On the Entropy Calibration of Language Models
Steven Cao, Gregory Valiant, Percy Liang
TL;DR
The paper analyzes entropy calibration in autoregressive language models, showing that miscalibration—entropy growth during generation—scales slowly with model and data size, especially for text with heavy tails. A simplified power-law intuition links the tail exponent to slow scaling, and empirical results across models up to 70B parameters corroborate slow improvement for text while code shows faster gains. While standard mitigations like temperature adjustment and instruction tuning reduce entropy, they typically worsen log loss, implying a diversity stability tradeoff.

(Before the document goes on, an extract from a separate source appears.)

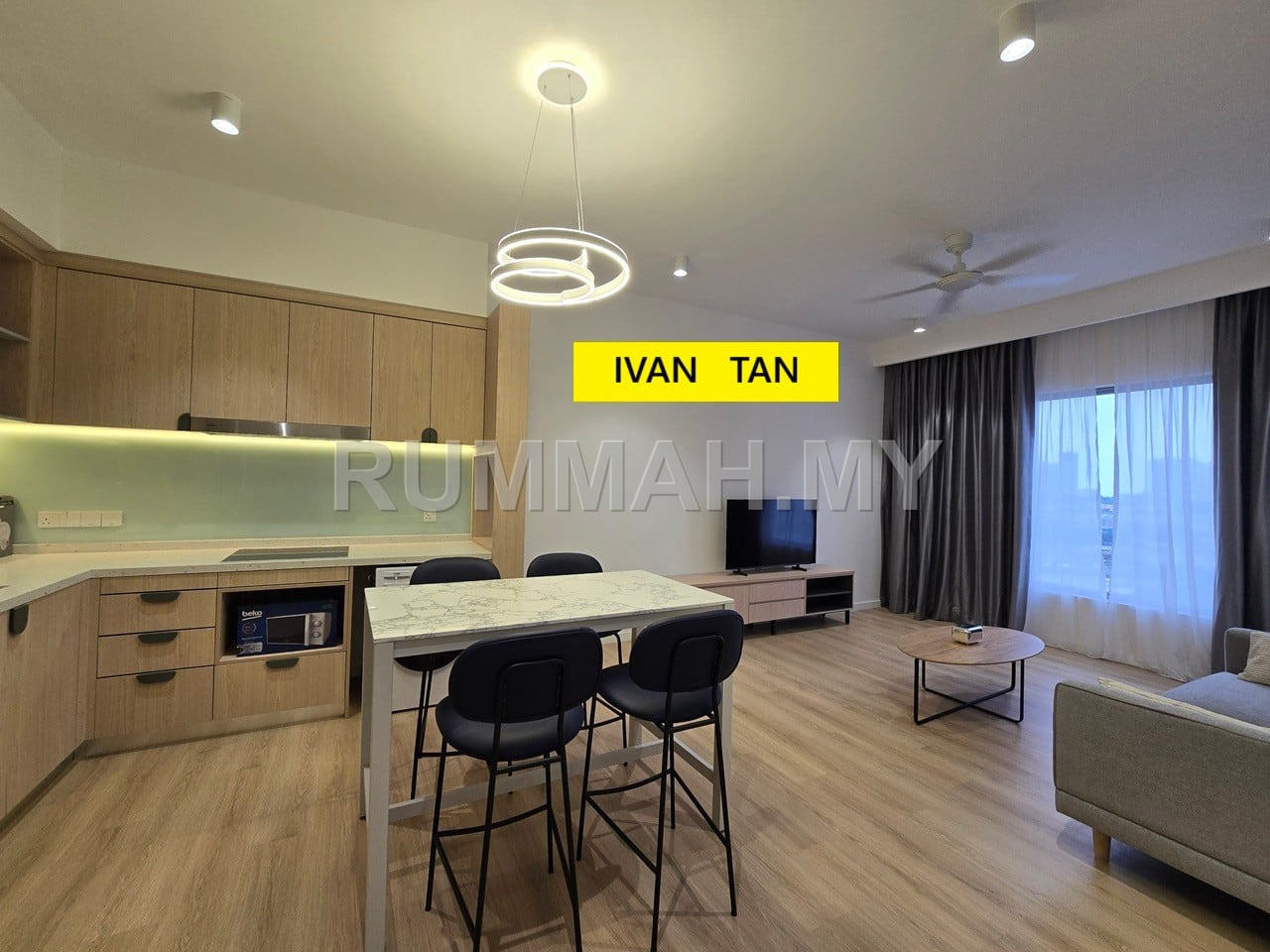 2-bedroom condo in Tanjung Tokong, Penang for rent - The Meg Andaman Island【New Furnished】Gurney Tanjung Tokong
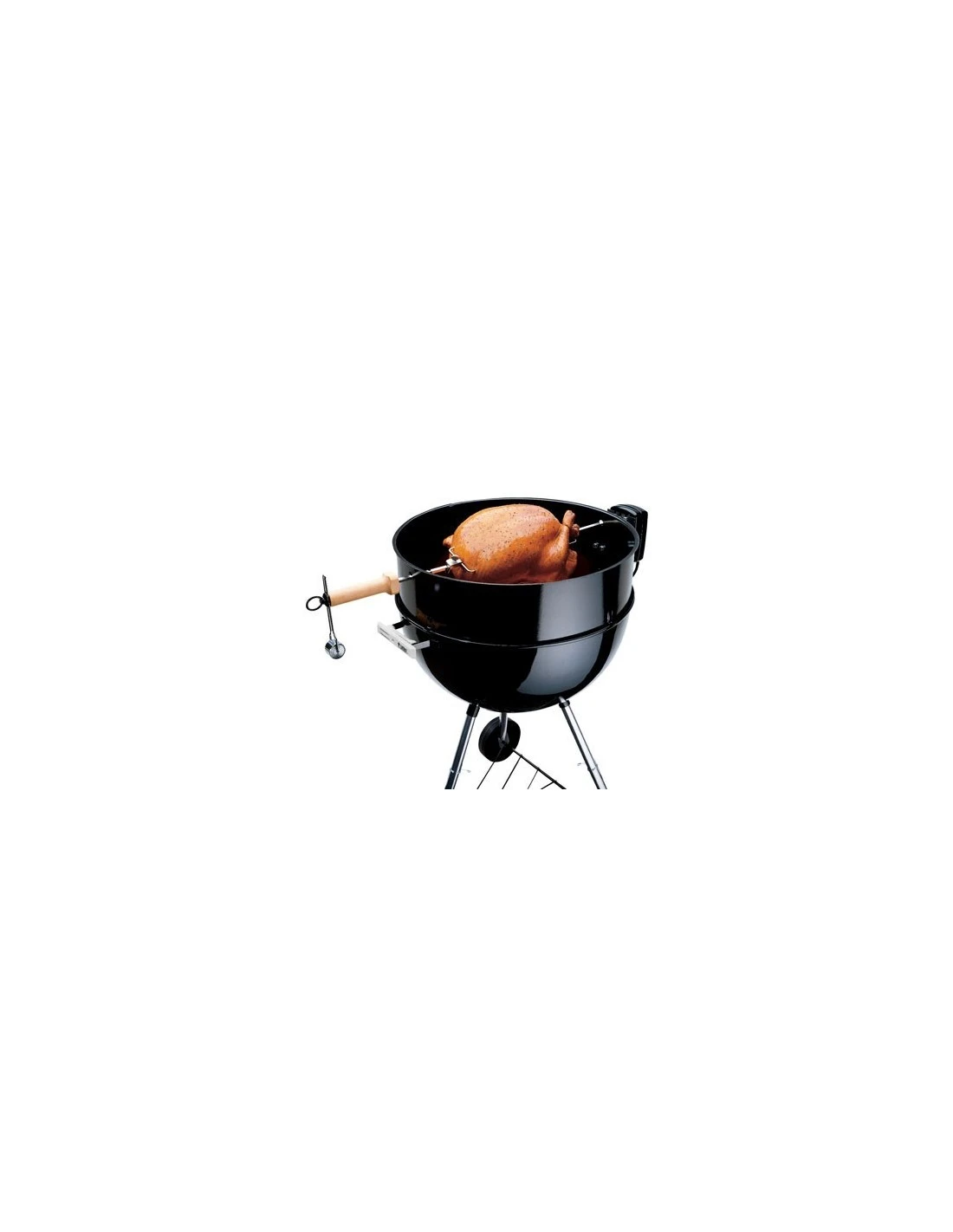 Rôtissoire Pour Barbecue à Charbon 57 Cm - Weber 3 Rôtissoire Pour Barbecue à Charbon 57 Cm - Weber – Image 3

The authors prove a theoretical possibility of calibrating entropy without increasing log loss if a future-entropy predictor can be learned, offering a pathway to simultaneous generation stability and diversity. Together, these results motivate developing practical future-entropy-based calibration methods to achieve high-quality, diverse, and stable generations at scale.
Abstract
We study the problem of entropy calibration, which asks whether a language model's entropy over generations matches its log loss on human text. Past work found that models are miscalibrated, with entropy per step increasing (and text quality decreasing) as generations grow longer. This error accumulation is a fundamental problem in autoregressive models, and the standard solution is to truncate the distribution, which improves text quality at the cost of diversity. In this paper, we ask: is miscalibration likely to improve with scale, and is it theoretically possible to calibrate without tradeoffs? To build intuition, we first study a simplified theoretical setting to characterize the scaling behavior of miscalibration with respect to dataset size. We find that the scaling behavior depends on the power law exponent of the data distribution -- in particular, for a power law exponent close to 1, the scaling exponent is close to 0, meaning that miscalibration improves very slowly with scale. Next, we measure miscalibration empirically in language models ranging from 0.5B to 70B parameters. We find that the observed scaling behavior is similar to what is predicted by the simplified setting: our fitted scaling exponents for text are close to 0, meaning that larger models accumulate error at a similar rate as smaller ones. This scaling (or, lack thereof) provides one explanation for why we sample from larger models with similar amounts of truncation as smaller models, even though the larger models are of higher quality. However, truncation is not a satisfying solution because it comes at the cost of increased log loss. In theory, is it even possible to reduce entropy while preserving log loss? We prove that it is possible, if we assume access to a black box which can fit models to predict the future entropy of text.